From the first line to the last, copy the material word for word; pictures stay out.

SUPPLIED DATA —
■ ■ ■
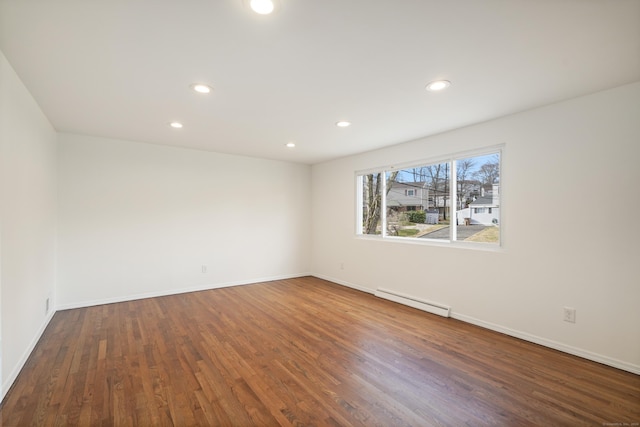 spare room featuring baseboard heating and dark wood-type flooring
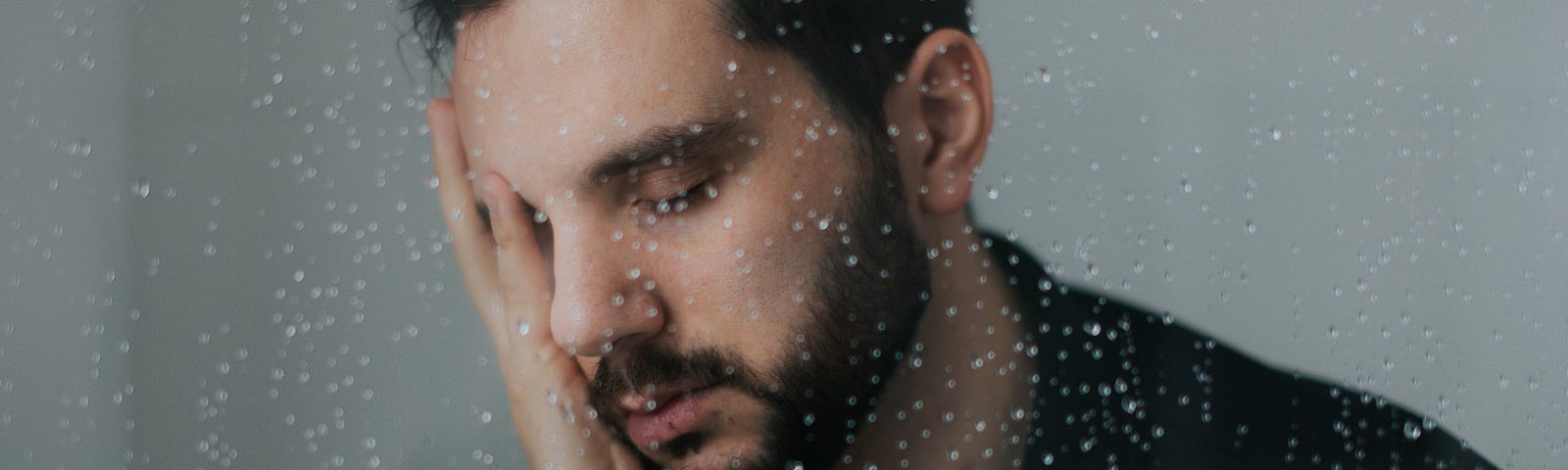 An anxious man rests his head in his hands behind a rain-spattered pane of glass.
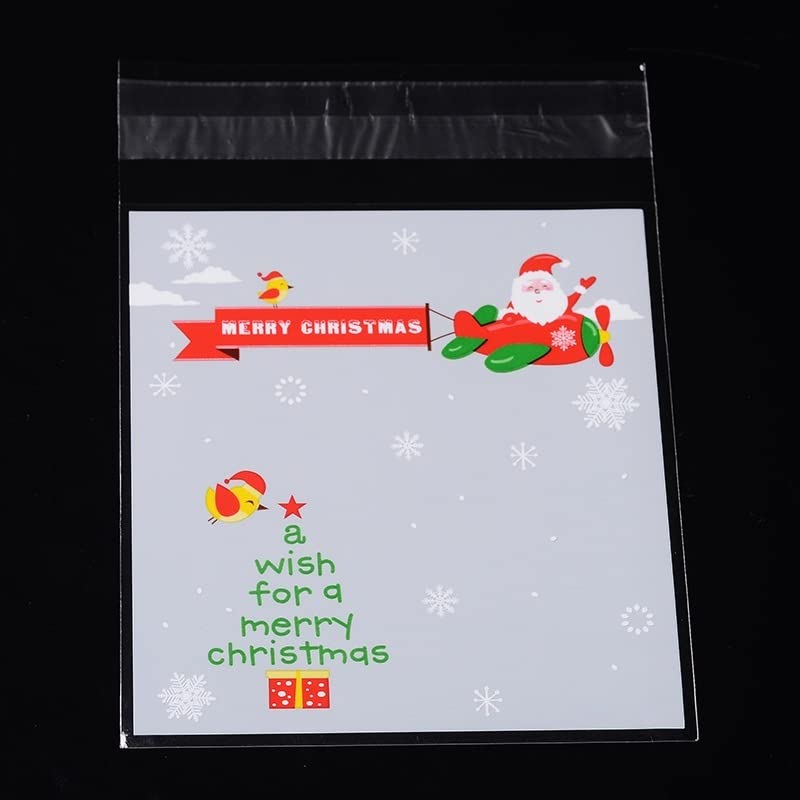 100Pcs Christmas Rectangle Cellophane Bags - Flying Santa Claus & Tree Pattern OPP Plastic Bags with Self-Adhesive Seal for Holiday Snacks, Candy, Cookies | Perfect for Gift Wrapping, Dessert Storage & Party Favors | Great for Christmas Parties, Baking Treats & DIY Gift Packaging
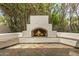 Outdoor fireplace on tiled patio with built in seating and lush green foliage in background at 8603 E Aster Dr, Scottsdale, AZ 85260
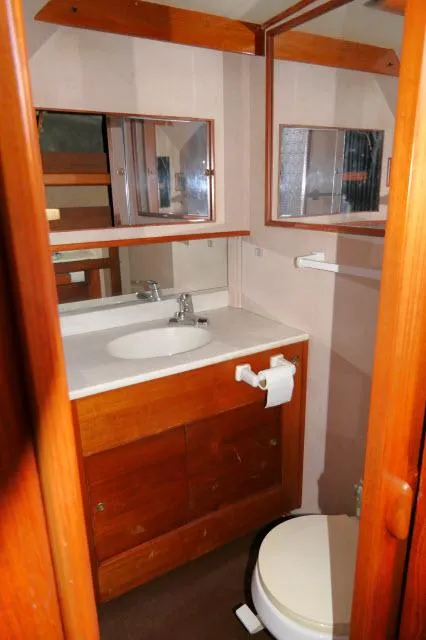 Slide: The Image of Interior of 1988 Jersey 36 Convertible Sportfisher with wood paneling and cabin access. - 15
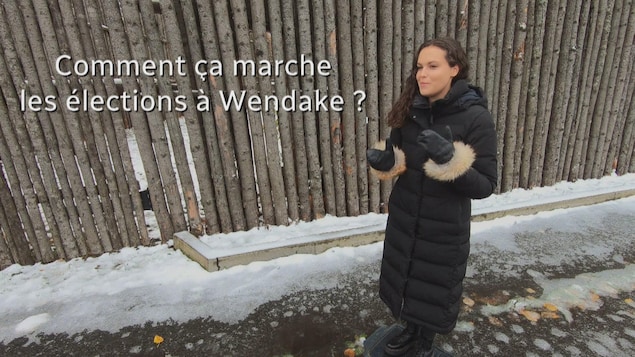 Véronik Picard devant une palissade.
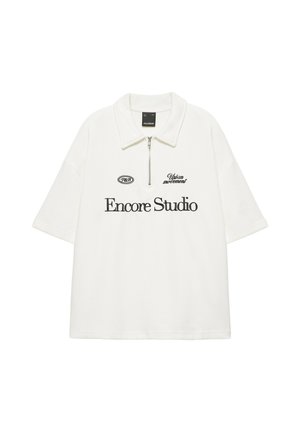 Polo blanc à manches courtes avec col zippé et texte noir "Encore Studio," "Urban movement," et "P&B" sur le devant.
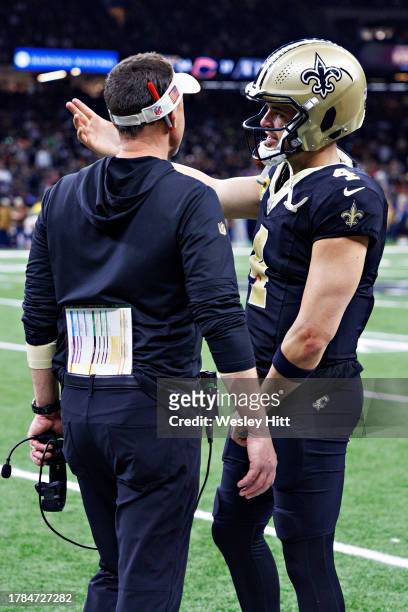 Head Coach Dennis Allen talks on the sidelines with Derek Carr of the New Orleans Saints during a game against the Chicago Bears at Caesars Superdome...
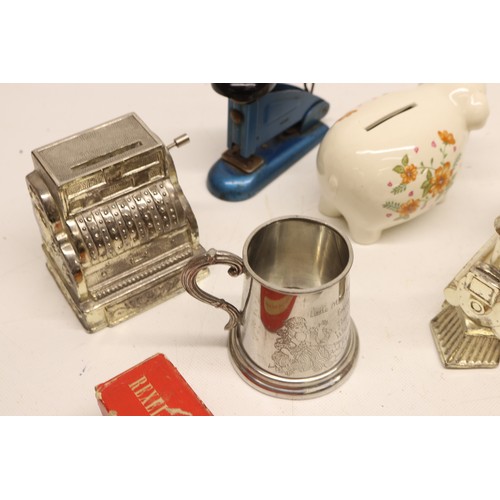 986 - Assorted collection of small decorative items, money boxes, figurines; incl. money box shaped as a e... 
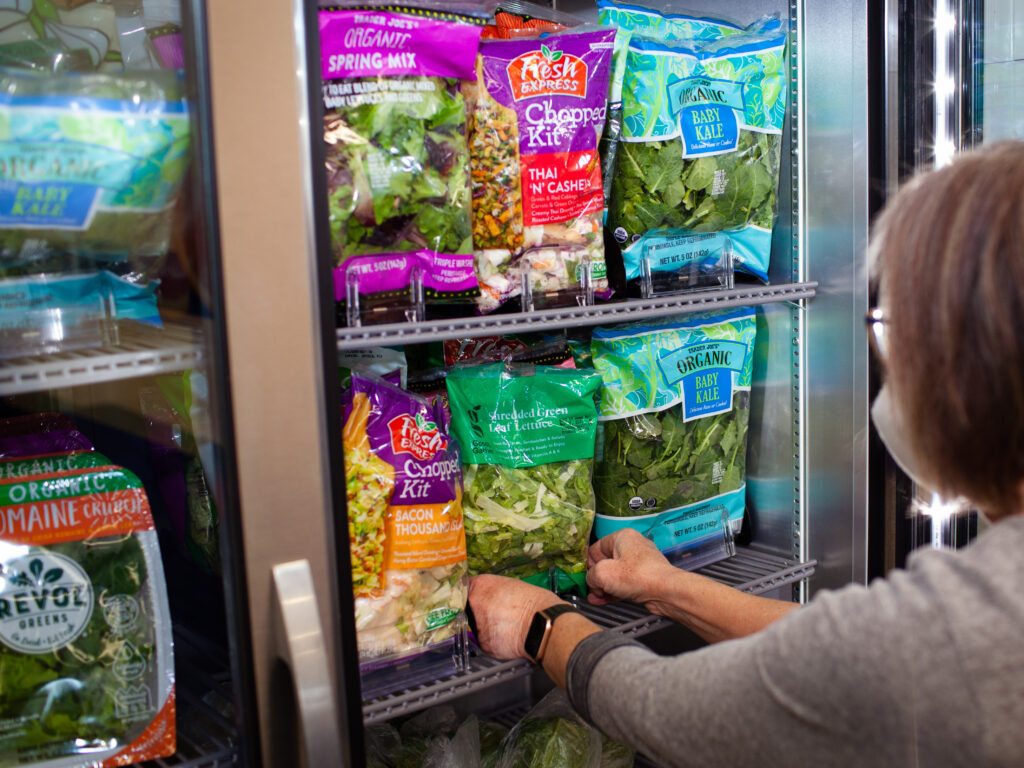 a woman in a gray shirt putting salad into a cooler filled with other salad items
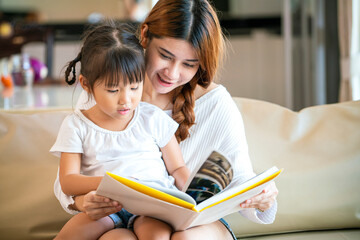 Asian pretty mother and her happy daughter reading story book together on cozy sofa in living room...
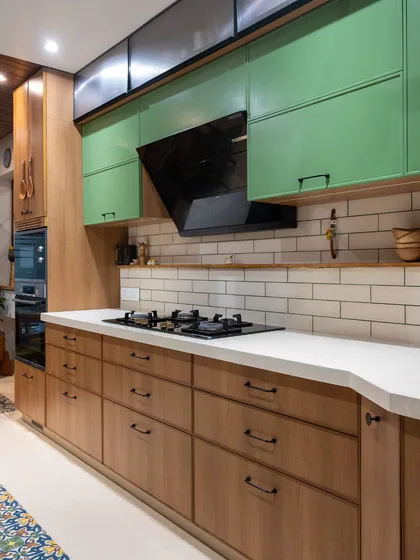 Another angle of the wood and green kitchen, highlighting the ample counter space and the practical layout. The open shelf above the stove keeps essentials handy, blending utility with style.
■ ■ ■
RESPONSE AREA —
 spare room featuring baseboard heating and dark wood-type flooring
 An anxious man rests his head in his hands behind a rain-spattered pane of glass.
 100Pcs Christmas Rectangle Cellophane Bags - Flying Santa Claus & Tree Pattern OPP Plastic Bags with Self-Adhesive Seal for Holiday Snacks, Candy, Cookies | Perfect for Gift Wrapping, Dessert Storage & Party Favors | Great for Christmas Parties, Baking Treats & DIY Gift Packaging
 Outdoor fireplace on tiled patio with built in seating and lush green foliage in background at 8603 E Aster Dr, Scottsdale, AZ 85260
 Slide: The Image of Interior of 1988 Jersey 36 Convertible Sportfisher with wood paneling and cabin access. - 15
 Véronik Picard devant une palissade.
 Polo blanc à manches courtes avec col zippé et texte noir "Encore Studio," "Urban movement," et "P&B" sur le devant.
 Head Coach Dennis Allen talks on the sidelines with Derek Carr of the New Orleans Saints during a game against the Chicago Bears at Caesars Superdome...
 986 - Assorted collection of small decorative items, money boxes, figurines; incl. money box shaped as a e... 
 a woman in a gray shirt putting salad into a cooler filled with other salad items
 Asian pretty mother and her happy daughter reading story book together on cozy sofa in living room...
 Another angle of the wood and green kitchen, highlighting the ample counter space and the practical layout. The open shelf above the stove keeps essentials handy, blending utility with style.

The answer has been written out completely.